▸ **HOW TO COMPLETE THIS TASK**
Task for the records below: please retype exactly and only the lines from the first through the one with "Used 2021 Toyota Camry LE FWD image 10", with every picture omitted.
____ RECORDS SUPPLIED
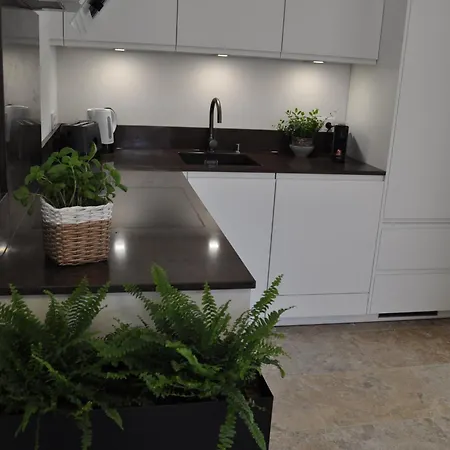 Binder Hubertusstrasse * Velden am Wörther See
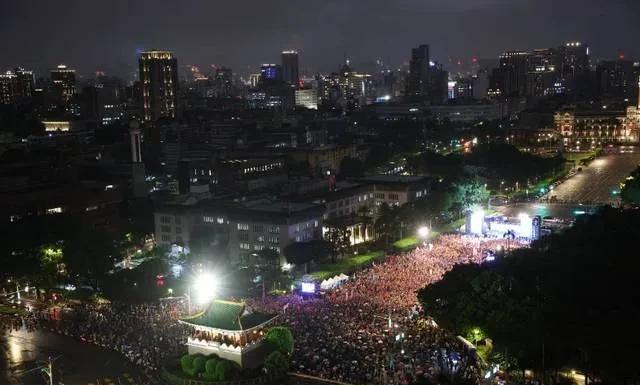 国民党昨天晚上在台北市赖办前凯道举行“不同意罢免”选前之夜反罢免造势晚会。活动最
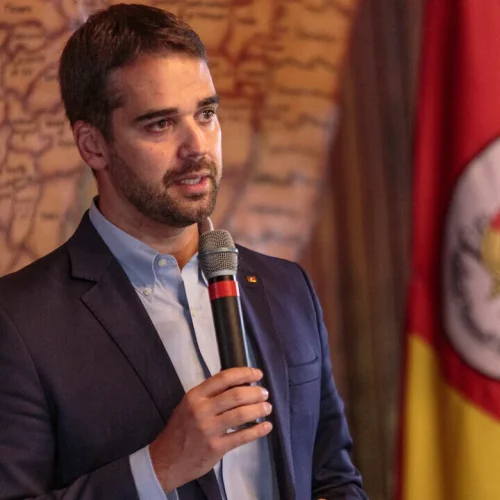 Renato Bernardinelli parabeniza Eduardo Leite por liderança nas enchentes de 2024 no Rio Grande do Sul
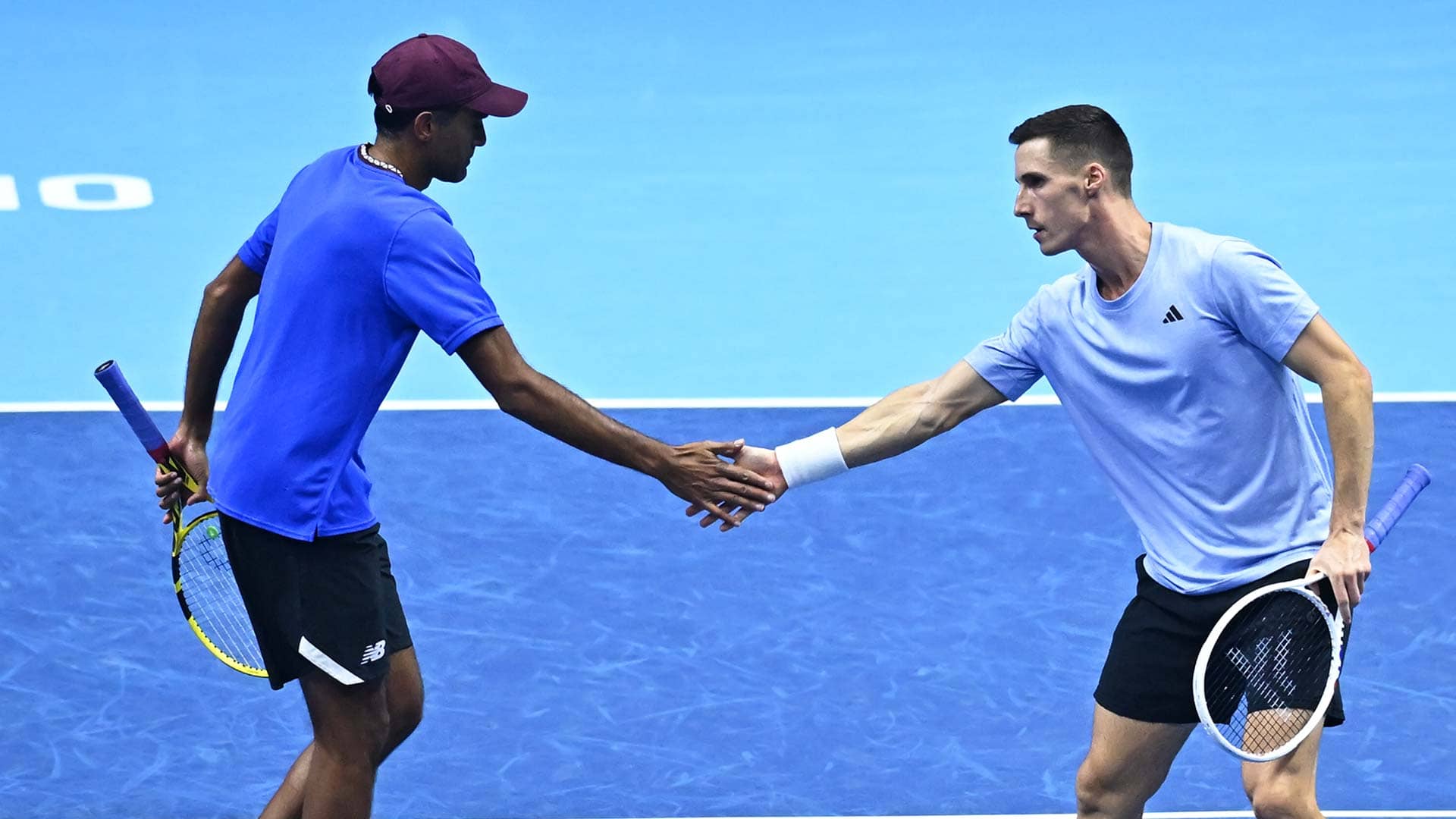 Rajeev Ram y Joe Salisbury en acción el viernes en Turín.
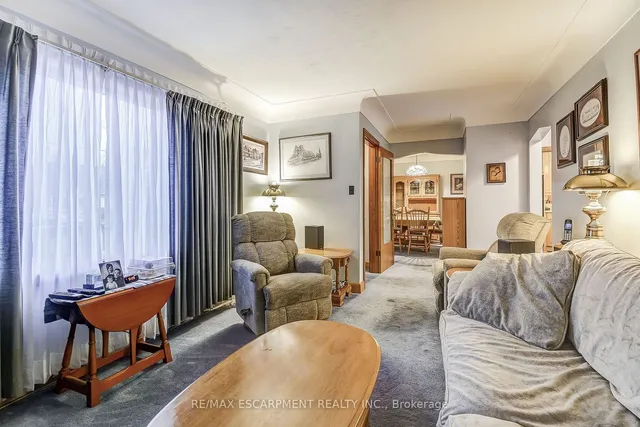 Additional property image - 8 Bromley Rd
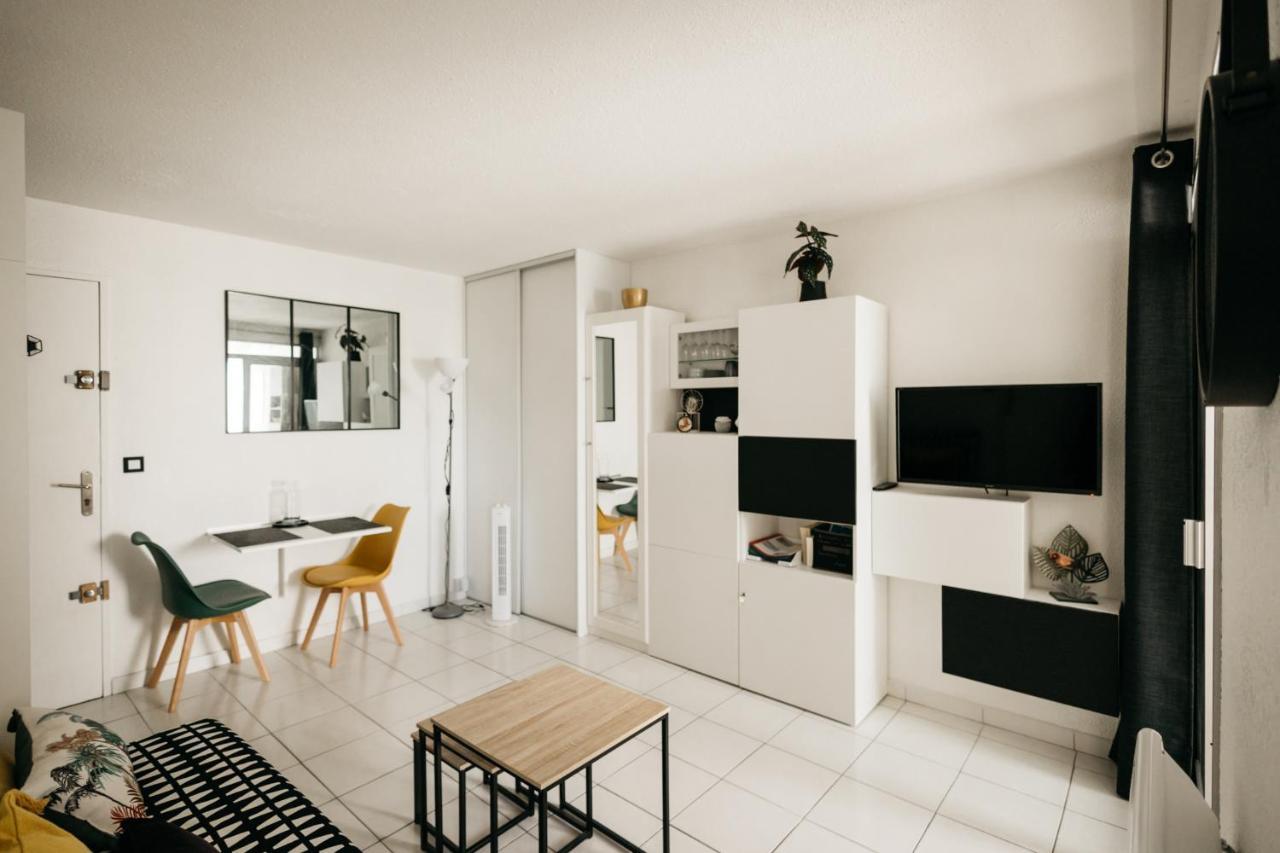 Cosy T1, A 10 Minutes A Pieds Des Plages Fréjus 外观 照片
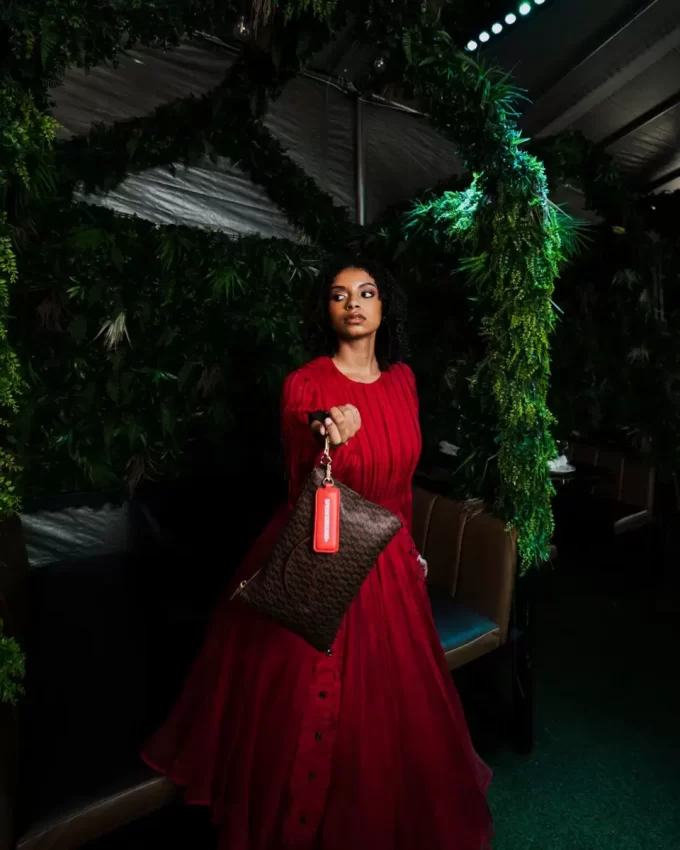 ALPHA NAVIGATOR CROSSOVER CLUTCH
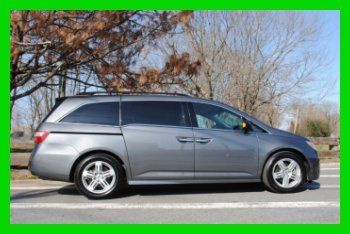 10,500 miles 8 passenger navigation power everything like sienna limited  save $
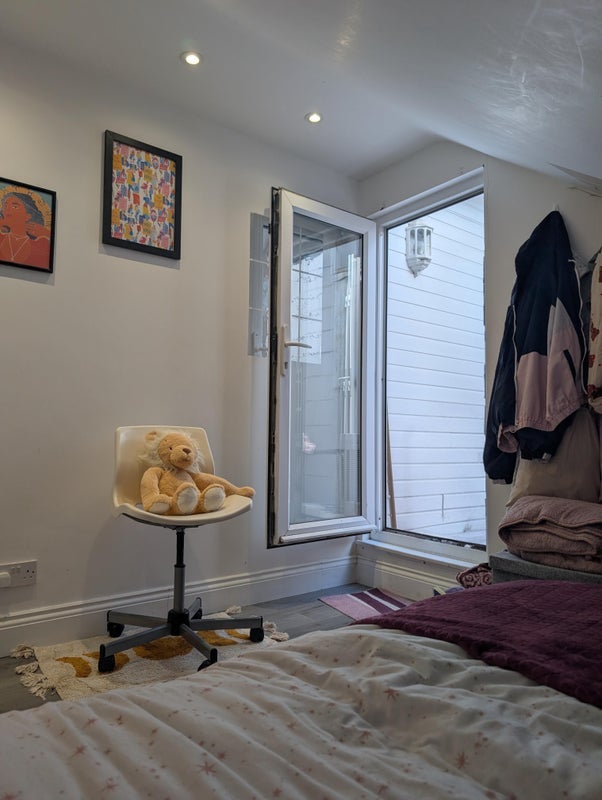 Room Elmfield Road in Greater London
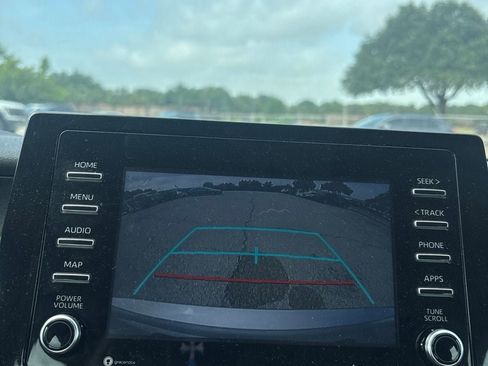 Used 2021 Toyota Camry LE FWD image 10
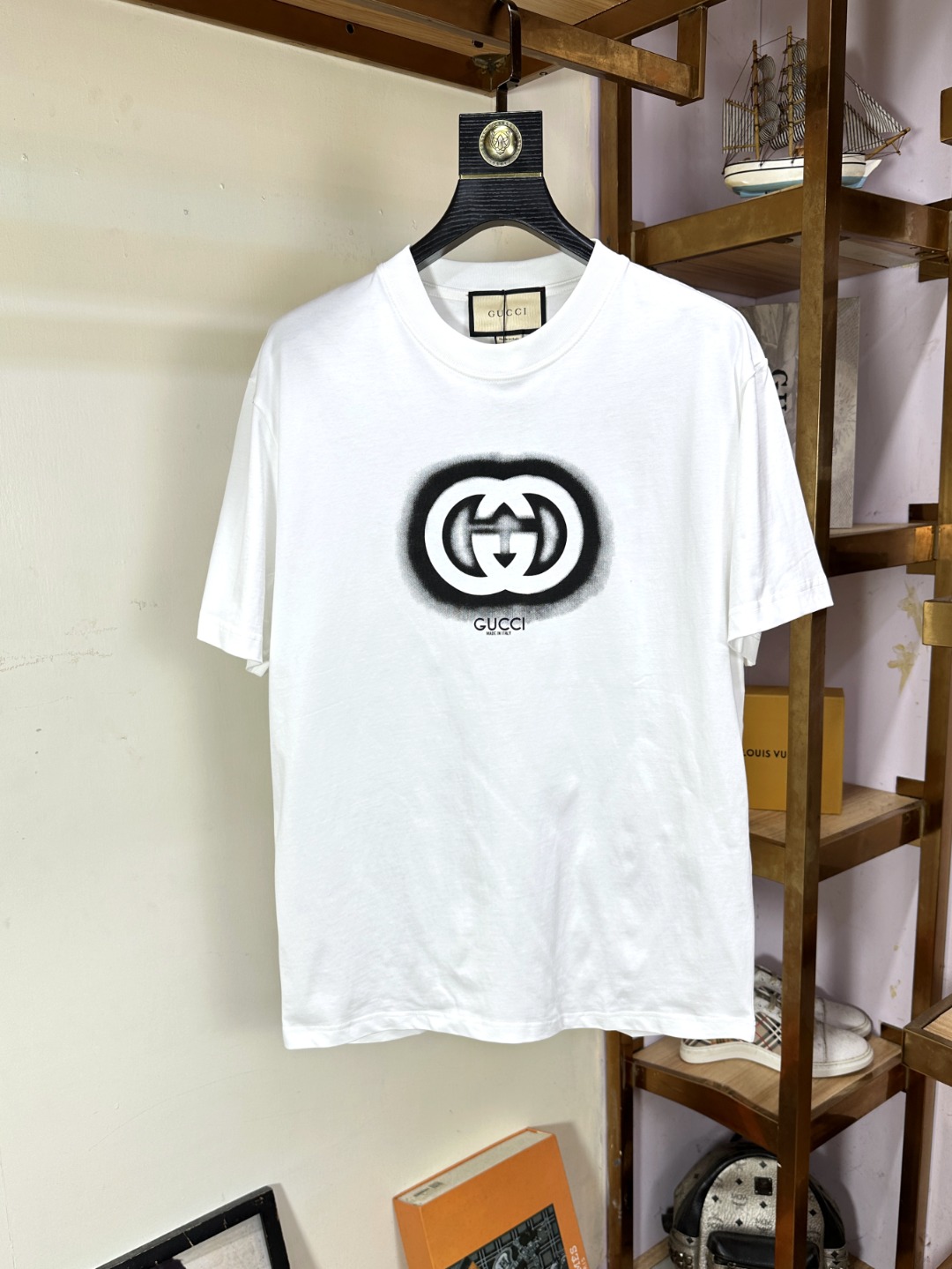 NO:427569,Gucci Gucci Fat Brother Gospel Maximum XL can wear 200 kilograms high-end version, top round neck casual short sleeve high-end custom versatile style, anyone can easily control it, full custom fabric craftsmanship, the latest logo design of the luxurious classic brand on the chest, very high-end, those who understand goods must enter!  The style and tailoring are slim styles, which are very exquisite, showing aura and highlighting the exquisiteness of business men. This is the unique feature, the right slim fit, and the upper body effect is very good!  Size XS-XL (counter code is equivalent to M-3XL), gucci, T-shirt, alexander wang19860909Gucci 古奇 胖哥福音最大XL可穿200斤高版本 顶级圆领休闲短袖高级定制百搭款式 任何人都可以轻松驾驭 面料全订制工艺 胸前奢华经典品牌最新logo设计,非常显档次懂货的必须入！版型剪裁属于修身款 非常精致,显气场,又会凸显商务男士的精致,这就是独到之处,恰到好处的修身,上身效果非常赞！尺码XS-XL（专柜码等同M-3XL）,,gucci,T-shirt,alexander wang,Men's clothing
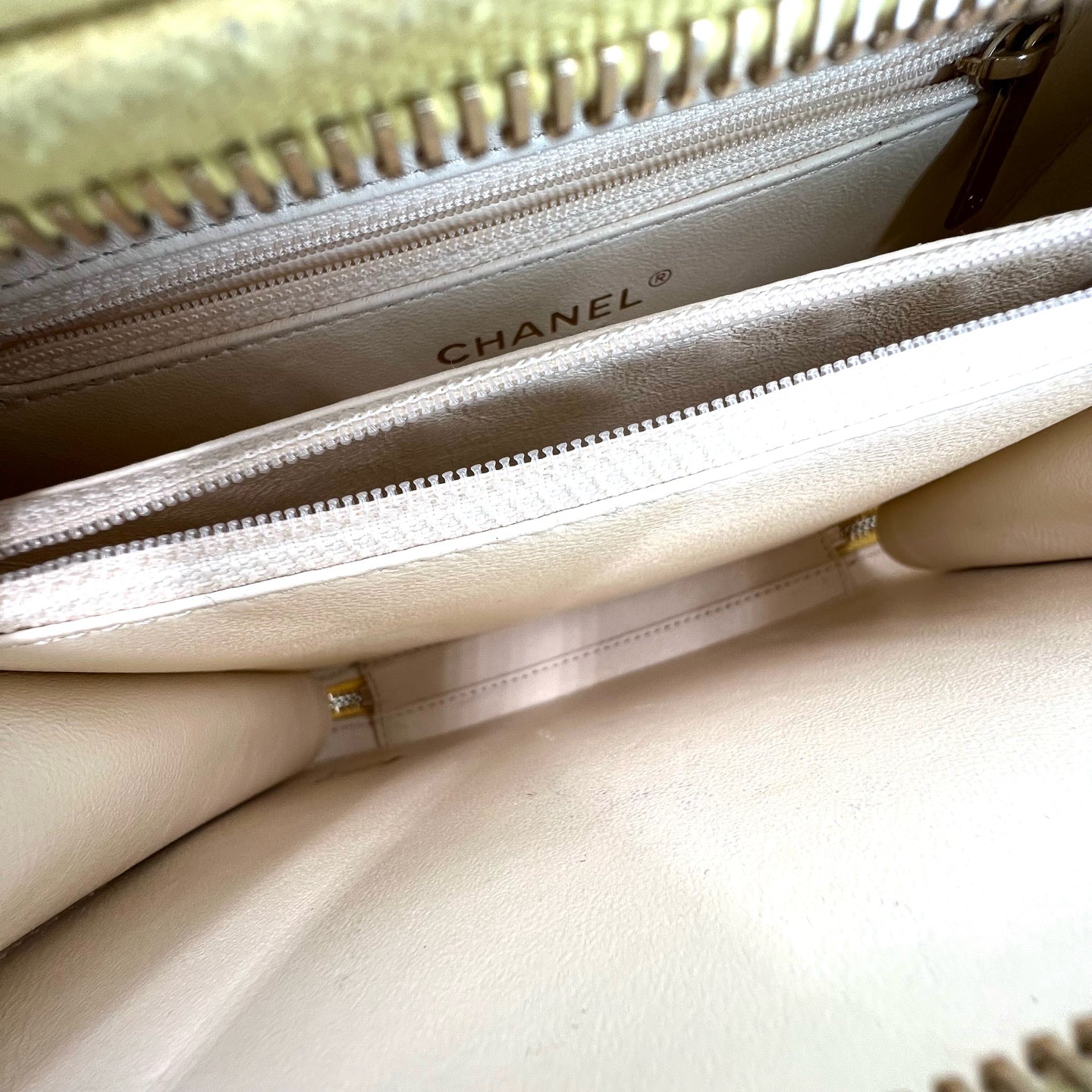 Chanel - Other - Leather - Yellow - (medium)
________
▸ **SOLUTION FOR THIS PROBLEM**
 Binder Hubertusstrasse * Velden am Wörther See
 国民党昨天晚上在台北市赖办前凯道举行“不同意罢免”选前之夜反罢免造势晚会。活动最
 Renato Bernardinelli parabeniza Eduardo Leite por liderança nas enchentes de 2024 no Rio Grande do Sul
 Rajeev Ram y Joe Salisbury en acción el viernes en Turín.
 Additional property image - 8 Bromley Rd
 Cosy T1, A 10 Minutes A Pieds Des Plages Fréjus 外观 照片
 ALPHA NAVIGATOR CROSSOVER CLUTCH
 10,500 miles 8 passenger navigation power everything like sienna limited  save $
 Room Elmfield Road in Greater London
 Used 2021 Toyota Camry LE FWD image 10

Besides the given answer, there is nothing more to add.